In order to achieve both suppression of image disturbance caused by entrance discharge of the secondary transfer nip N and improvement of the transfer rate by adjusting the combination of the length L2 of the pre-transfer nip n2 and the peak-to-peak voltage Vpp, it is important to increase the transfer rate as much as possible without causing entrance discharge of the secondary transfer nip N. Methods for increasing the transfer rate without causing entrance discharge of the secondary transfer nip N include increasing the value of the peak-to-peak voltage Vpp as much as possible without causing entrance discharge of the secondary transfer nip N, and shortening the length L2 of the pre-transfer nip n2 as much as possible without causing entrance discharge of the secondary transfer nip N.

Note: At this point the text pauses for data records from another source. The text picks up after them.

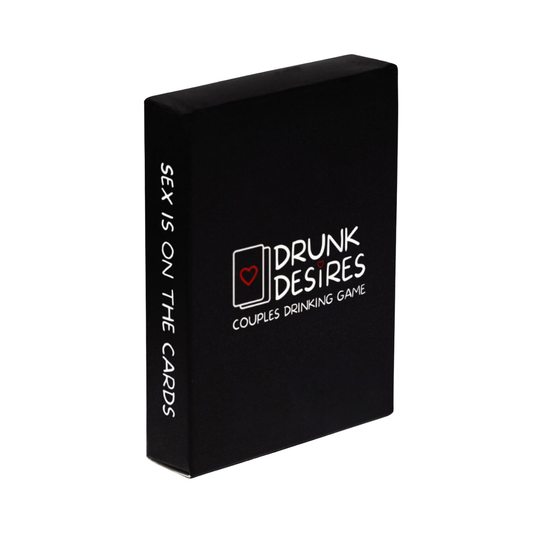 Drunk Desires – Couples Drinking Card Game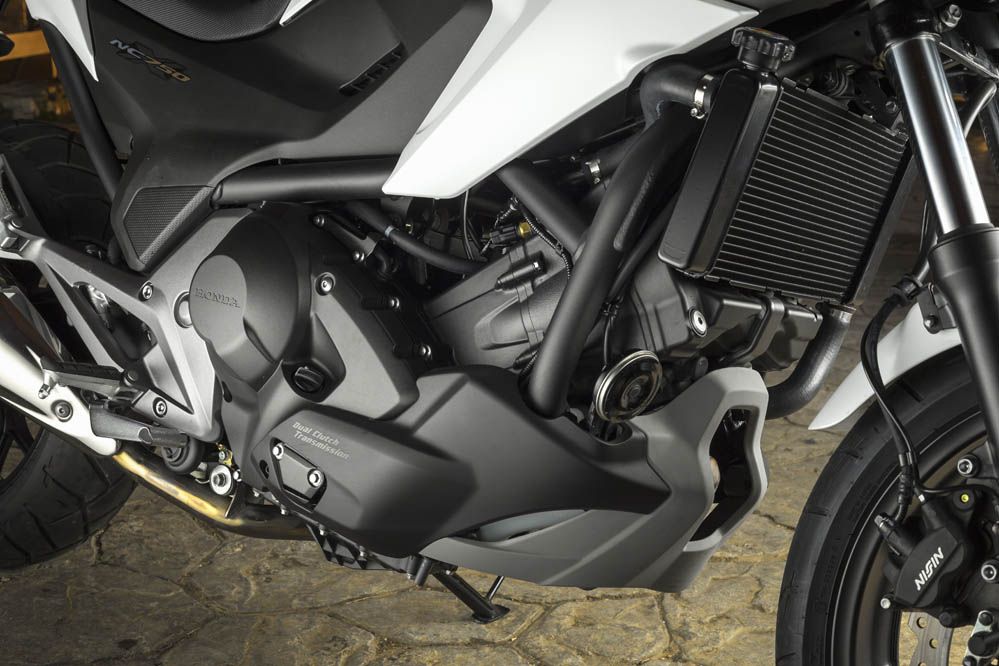 Presentación Honda Integra y NC750X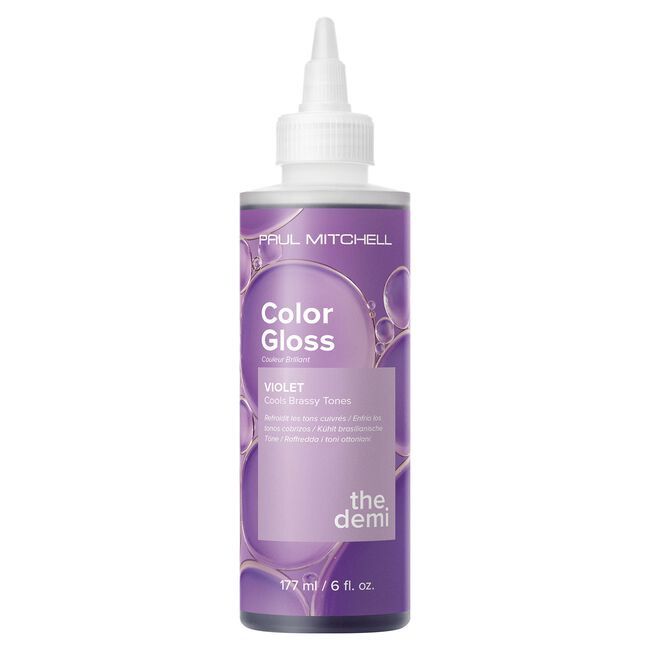 The Demi Color Gloss - Violet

Based on the above-mentioned experimental results, the inventors have found that a greater transfer rate can be obtained by shortening the length L2 of the pre-transfer nip n2 than by increasing the value of the peak-to-peak voltage Vpp. In other words, when increasing the transfer rate within a range in which no inlet discharge occurs at the secondary transfer nip N, the inventors have found that the transfer rate is improved more effectively by shortening the length L2 of the pre-transfer nip n2 than by increasing the value of the peak-to-peak voltage Vpp.

According to this embodiment, the length L2 of the pre-transfer nip n2 is configured to be the shortest length (2.0 mm according to the experimental results described above) within the length range (a range of 2.0 mm to 5 mm according to the experimental results described above) in which the peak-to-peak voltage Vpp of the AC transfer bias can be set so that no discharge occurs at the entrance of the secondary transfer nip N. This makes it possible to obtain a higher transfer rate while simultaneously suppressing image disturbance caused by discharge at the entrance of the transfer nip and improving the transfer rate.

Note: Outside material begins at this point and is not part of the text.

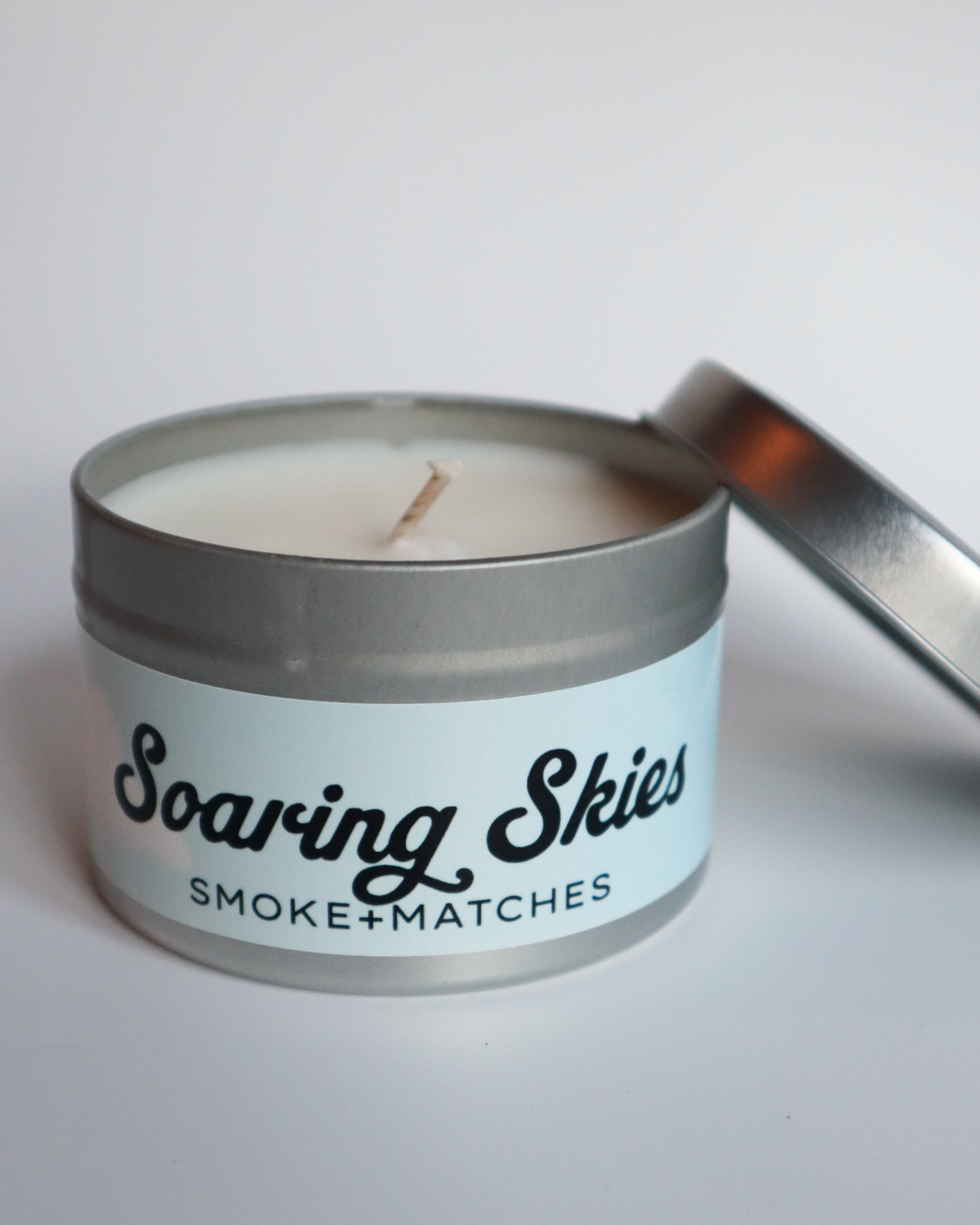 Soaring Skies - 200g Coconut Soy Candle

The above experimental results are for the configuration of this embodiment, and the specific length of the pre-transfer nip, the peak-to-peak voltage Vpp of the secondary transfer bias, and the transfer rate will vary depending on factors such as the film thickness and electrical resistance of various belts, the diameter of various rollers, the electrical resistance and hardness, and the process linear speed. Therefore, the optimal length of the pre-transfer nip will vary depending on the configuration of the image forming apparatus. However, as described above, if the length L2 of the pre-transfer nip n2 is configured to be the shortest length within the length range in which the peak-to-peak voltage Vpp of the AC transfer bias can be set so that no entrance discharge occurs at the secondary transfer nip N, a larger transfer rate can be obtained while simultaneously suppressing image disturbance due to entrance discharge at the transfer nip and improving the transfer rate.

For example, Table 3 below shows experimental results for different device configurations.
In this Table 3, too, if the length L2 of the pre-transfer nip portion n2 is configured to be the shortest length (6 mm, as seen in Table 3) within the length range (a range of 6 mm or more and 10 mm, as seen in Table 3) in which the peak-to-peak voltage Vpp of the AC transfer bias can be set so that no entrance discharge occurs at the secondary transfer nip N, then the highest transfer rate (90% as seen in Table 3) can be obtained.

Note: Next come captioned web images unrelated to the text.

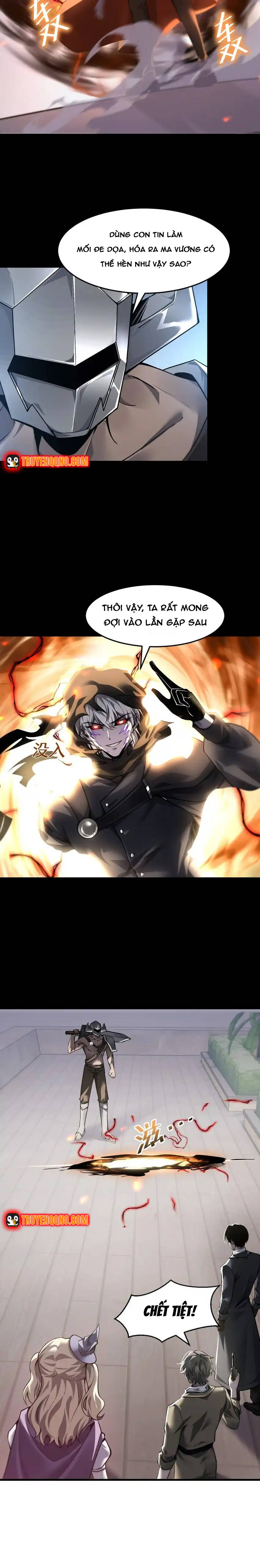Quỷ Vương Mạnh Nhất Trở Thành Kẻ Yếu Đuối Chapter 25 - 7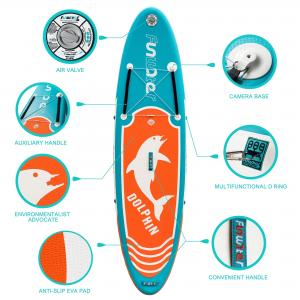 China Waterplay Stand Up Paddleboarding Surfing Windsurf Sup Inflatable Stand Up Paddle supplier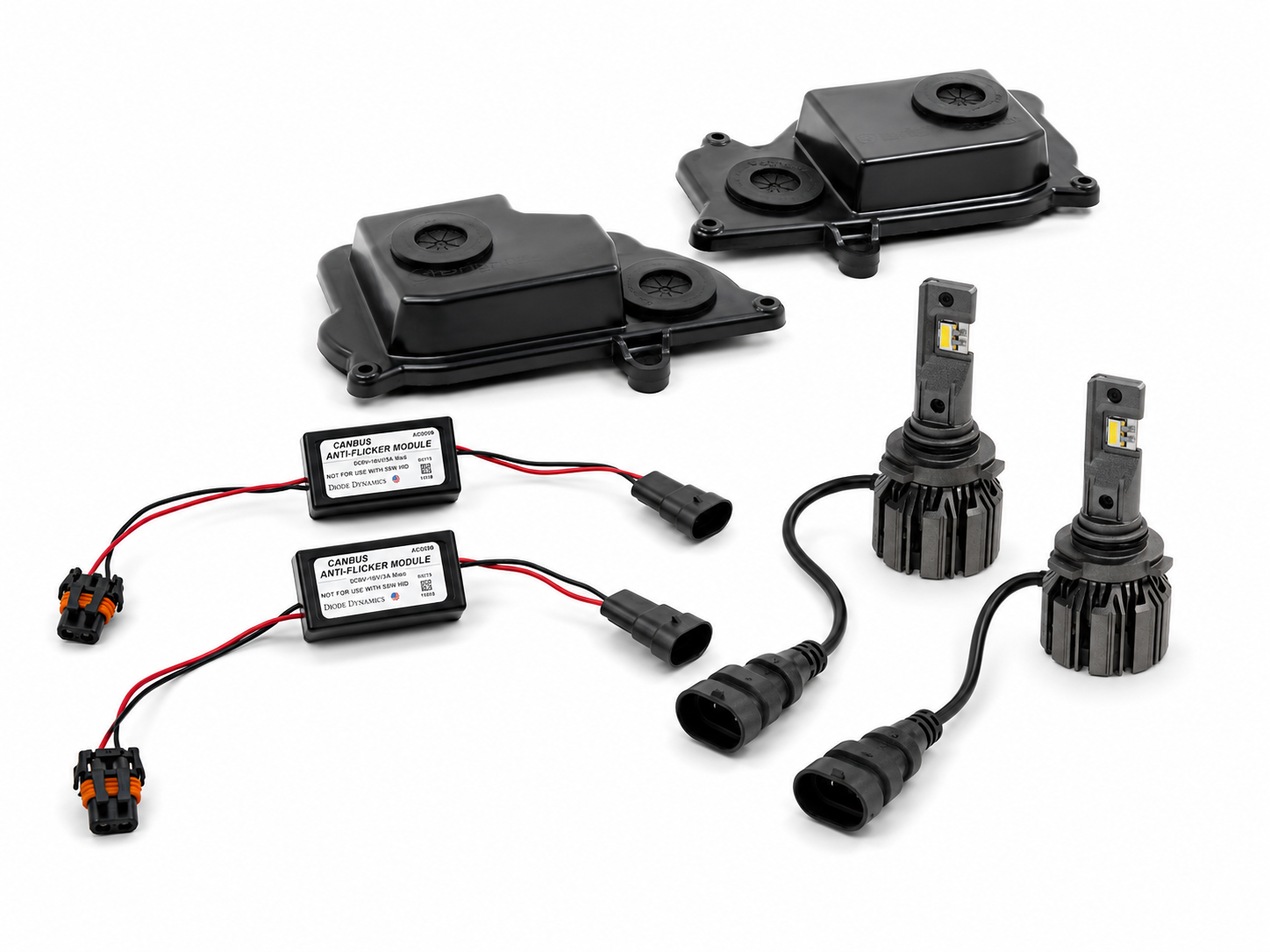 Featured image for “13-18 Ram OEM Projector Headlight LED Conversion Kit: GTR Lighting Ultra 3.0”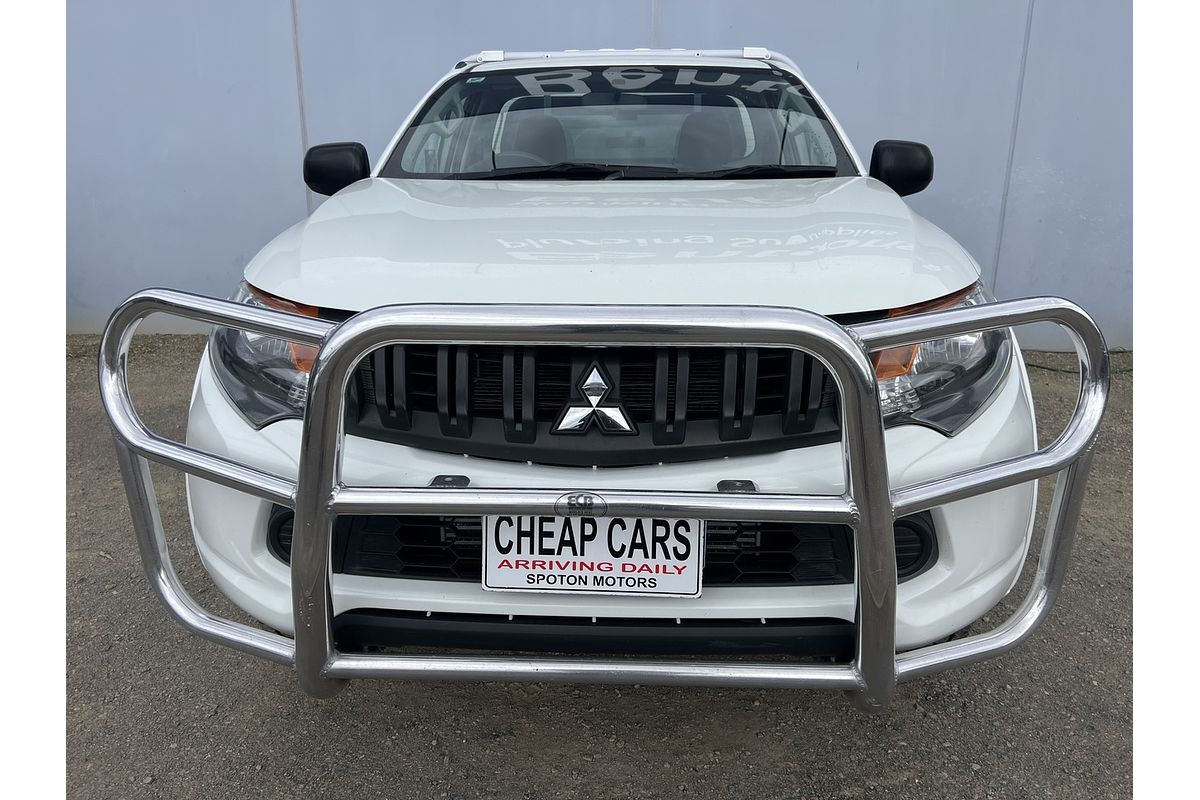 2018 Mitsubishi Triton GLX MQ 4X4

Even when the length of the pre-transfer nip is set to the optimum length, as can be seen from the experimental results shown in Tables 1 and 2, the optimum value of the peak-to-peak voltage Vpp of the secondary transfer bias varies depending on the type of recording sheet P used. That is, according to the experimental results described above, in a configuration in which the length L2 of the pre-transfer nip n2 is set to the optimum 2 [mm], the optimum value of the peak-to-peak voltage Vpp of the secondary transfer bias for thin paper is 1.0 [kV], and the optimum value of the peak-to-peak voltage Vpp of the secondary transfer bias for thick paper is 4.0 [kV]. Therefore, by changing the peak-to-peak voltage Vpp of the secondary transfer bias to an appropriate value according to the type of recording sheet P, a higher transfer rate can be obtained for each type of recording sheet P within the range in which no discharge occurs at the entrance of the secondary transfer nip N.

The discrimination means for discriminating the type of recording sheet P is not particularly limited, and any known means can be used. For example, it may be a means for discriminating the type of recording sheet P based on input information input by a user's instruction operation. Also, for example, a paper discrimination sensor installed in the cassette 60 may be used as the discrimination means.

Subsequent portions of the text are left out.